PROBLEM DETAILS:
When you reach the line containing "Adidas Originals Pharrell", stop after it; until then, copy each line of the listing exactly, starting with the first.
+===+
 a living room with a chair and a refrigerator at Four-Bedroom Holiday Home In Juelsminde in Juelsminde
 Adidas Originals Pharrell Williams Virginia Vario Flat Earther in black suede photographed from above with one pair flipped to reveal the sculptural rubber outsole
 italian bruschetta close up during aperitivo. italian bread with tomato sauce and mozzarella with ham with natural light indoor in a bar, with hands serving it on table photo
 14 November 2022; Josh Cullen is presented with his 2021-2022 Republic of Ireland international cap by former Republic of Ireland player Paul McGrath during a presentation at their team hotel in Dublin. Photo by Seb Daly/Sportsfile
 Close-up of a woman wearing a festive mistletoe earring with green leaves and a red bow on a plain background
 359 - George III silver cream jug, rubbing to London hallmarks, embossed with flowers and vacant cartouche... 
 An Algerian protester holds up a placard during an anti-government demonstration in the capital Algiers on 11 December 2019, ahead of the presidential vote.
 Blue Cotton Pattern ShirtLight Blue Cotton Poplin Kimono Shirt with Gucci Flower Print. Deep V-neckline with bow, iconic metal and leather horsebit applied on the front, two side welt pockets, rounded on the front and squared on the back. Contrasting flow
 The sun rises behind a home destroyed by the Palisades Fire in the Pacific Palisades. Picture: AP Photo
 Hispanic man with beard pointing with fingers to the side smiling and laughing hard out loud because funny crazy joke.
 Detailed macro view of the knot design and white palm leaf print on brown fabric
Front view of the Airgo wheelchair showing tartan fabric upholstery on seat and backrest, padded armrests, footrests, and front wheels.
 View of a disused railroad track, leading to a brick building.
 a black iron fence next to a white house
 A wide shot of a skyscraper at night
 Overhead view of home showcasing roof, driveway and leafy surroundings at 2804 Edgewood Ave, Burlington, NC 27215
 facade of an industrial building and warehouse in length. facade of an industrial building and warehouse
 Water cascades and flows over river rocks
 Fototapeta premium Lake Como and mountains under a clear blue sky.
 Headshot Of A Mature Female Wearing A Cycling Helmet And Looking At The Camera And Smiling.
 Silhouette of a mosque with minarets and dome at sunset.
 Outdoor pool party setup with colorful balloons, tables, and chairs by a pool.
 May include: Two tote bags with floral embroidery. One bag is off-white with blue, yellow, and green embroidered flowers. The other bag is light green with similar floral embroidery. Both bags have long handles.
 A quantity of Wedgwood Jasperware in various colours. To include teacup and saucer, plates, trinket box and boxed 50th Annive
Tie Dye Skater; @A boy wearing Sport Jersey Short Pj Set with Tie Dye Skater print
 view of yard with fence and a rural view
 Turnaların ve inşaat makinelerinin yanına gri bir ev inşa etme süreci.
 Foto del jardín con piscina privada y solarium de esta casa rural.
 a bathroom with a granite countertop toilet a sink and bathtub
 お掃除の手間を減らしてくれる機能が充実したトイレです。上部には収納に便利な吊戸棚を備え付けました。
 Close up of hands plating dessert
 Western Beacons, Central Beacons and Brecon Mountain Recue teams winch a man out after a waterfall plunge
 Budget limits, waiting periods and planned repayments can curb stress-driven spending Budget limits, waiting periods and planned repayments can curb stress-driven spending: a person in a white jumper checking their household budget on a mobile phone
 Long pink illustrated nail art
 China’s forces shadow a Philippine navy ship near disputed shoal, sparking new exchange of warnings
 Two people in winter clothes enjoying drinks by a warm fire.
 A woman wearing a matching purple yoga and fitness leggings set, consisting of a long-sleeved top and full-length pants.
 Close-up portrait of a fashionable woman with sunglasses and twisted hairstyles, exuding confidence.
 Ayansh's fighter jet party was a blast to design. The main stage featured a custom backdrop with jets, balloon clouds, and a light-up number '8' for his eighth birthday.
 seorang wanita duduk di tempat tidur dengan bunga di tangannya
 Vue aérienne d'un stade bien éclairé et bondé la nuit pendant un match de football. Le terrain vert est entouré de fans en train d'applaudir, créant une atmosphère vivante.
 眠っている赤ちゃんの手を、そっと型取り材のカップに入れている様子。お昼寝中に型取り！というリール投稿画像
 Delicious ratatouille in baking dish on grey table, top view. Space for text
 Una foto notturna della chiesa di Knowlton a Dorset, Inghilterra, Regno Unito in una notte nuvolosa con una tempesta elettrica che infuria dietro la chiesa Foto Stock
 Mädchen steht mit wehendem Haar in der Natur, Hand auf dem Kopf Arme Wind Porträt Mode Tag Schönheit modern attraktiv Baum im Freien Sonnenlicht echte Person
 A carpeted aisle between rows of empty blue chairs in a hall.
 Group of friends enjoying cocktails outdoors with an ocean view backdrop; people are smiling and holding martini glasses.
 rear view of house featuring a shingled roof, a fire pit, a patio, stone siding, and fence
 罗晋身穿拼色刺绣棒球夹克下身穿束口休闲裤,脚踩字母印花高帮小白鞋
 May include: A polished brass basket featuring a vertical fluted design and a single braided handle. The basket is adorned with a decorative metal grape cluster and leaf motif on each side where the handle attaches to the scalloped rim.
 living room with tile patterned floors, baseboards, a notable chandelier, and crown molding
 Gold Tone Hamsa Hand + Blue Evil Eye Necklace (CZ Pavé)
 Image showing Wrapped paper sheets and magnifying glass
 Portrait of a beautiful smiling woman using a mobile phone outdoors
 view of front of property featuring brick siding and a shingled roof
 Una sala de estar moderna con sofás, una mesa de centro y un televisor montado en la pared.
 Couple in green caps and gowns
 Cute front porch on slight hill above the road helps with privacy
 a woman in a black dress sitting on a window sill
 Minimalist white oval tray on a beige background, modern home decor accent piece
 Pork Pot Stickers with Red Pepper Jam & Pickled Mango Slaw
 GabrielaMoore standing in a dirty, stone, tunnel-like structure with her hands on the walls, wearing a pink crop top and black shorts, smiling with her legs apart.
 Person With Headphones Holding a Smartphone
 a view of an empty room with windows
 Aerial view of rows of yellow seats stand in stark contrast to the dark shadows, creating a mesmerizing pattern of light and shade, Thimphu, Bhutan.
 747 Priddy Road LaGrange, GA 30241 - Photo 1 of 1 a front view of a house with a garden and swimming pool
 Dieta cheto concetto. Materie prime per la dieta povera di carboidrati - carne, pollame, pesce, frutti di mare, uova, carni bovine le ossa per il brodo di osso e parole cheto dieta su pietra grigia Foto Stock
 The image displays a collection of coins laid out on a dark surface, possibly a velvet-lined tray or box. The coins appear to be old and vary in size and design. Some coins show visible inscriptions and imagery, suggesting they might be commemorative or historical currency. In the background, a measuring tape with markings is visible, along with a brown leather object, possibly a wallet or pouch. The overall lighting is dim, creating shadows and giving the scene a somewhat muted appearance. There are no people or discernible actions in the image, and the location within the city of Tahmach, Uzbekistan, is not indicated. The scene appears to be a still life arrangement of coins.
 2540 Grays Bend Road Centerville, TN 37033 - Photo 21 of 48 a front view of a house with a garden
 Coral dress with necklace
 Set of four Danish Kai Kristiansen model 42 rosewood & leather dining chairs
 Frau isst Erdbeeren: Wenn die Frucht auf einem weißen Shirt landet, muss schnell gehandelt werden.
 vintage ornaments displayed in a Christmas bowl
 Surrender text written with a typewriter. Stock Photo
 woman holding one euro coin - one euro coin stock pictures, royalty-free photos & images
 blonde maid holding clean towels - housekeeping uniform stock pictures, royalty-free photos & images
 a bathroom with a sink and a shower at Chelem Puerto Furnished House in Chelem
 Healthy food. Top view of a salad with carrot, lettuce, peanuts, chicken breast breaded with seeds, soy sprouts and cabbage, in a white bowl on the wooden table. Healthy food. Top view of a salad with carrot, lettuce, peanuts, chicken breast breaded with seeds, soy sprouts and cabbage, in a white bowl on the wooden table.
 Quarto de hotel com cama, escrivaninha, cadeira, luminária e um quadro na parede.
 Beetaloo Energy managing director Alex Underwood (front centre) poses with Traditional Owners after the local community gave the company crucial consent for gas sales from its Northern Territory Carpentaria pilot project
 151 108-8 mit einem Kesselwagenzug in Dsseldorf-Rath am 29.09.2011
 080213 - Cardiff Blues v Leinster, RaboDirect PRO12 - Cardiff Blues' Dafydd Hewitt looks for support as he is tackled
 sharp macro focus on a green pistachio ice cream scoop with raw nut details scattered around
+===+
ANSWER SPACE:
 a living room with a chair and a refrigerator at Four-Bedroom Holiday Home In Juelsminde in Juelsminde
 Adidas Originals Pharrell Williams Virginia Vario Flat Earther in black suede photographed from above with one pair flipped to reveal the sculptural rubber outsole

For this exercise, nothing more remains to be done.